Climate change’s root causes and effects on agriculture and related industries

The combination of unpredictable rainfall, drought, and increasing extreme weather is predicted to have a significant negative impact on agriculture. The agricultural industry is one of the main producers of greenhouse gases. In exchange, the climate has the capacity to change crop yields both directly and indirectly through the provision of fertiliser, pests, and diseases, among other abiotic stressors including heat stress and water stress [39]. The majority of people throughout the world perceive cereal grains like wheat, maize, and rice to be staple foods. By raising plant respiration rates, global warming is diminishing the net assimilation of carbon, which might reduce agricultural yields and potentially lead to the invasion of weeds, diseases, and pests [5]. Various implications of climate change in agriculture are discussed here [34].

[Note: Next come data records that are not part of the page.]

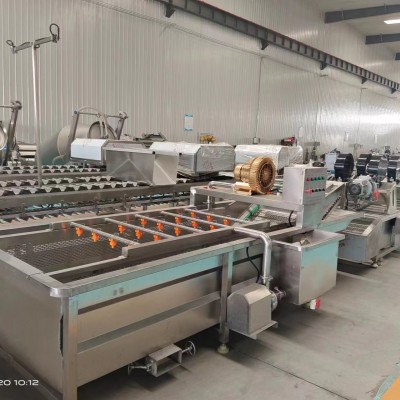 全自動氣泡清洗機設備 瓜果蔬菜清洗機器 不銹鋼多功能氣泡清洗機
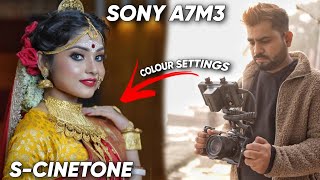 Sony A7M3 Cinematic Video Colours Settings - Create S-Cinetone Look in A7M3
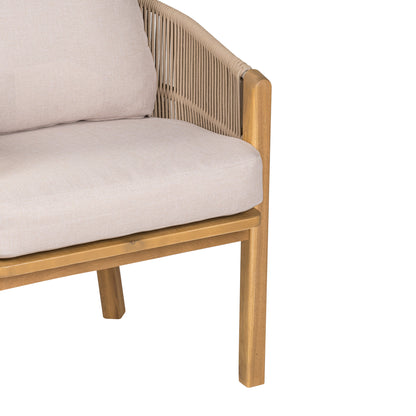 Grotta Outdoor Dining Arm Chair(Set of 2)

According to global statistics, crop productivity will decline by 10–40% by 2100.

By the middle of the twenty-first century, South Asian nations should expect an average 30% decline in agricultural production. Increased temperature would necessitate more fertilizer to achieve the same production goals, resulting in increased emissions.

Productivity of cereals in Indo-Gangetic plains showed declining trends due to rise in temperature and decrease in water availability.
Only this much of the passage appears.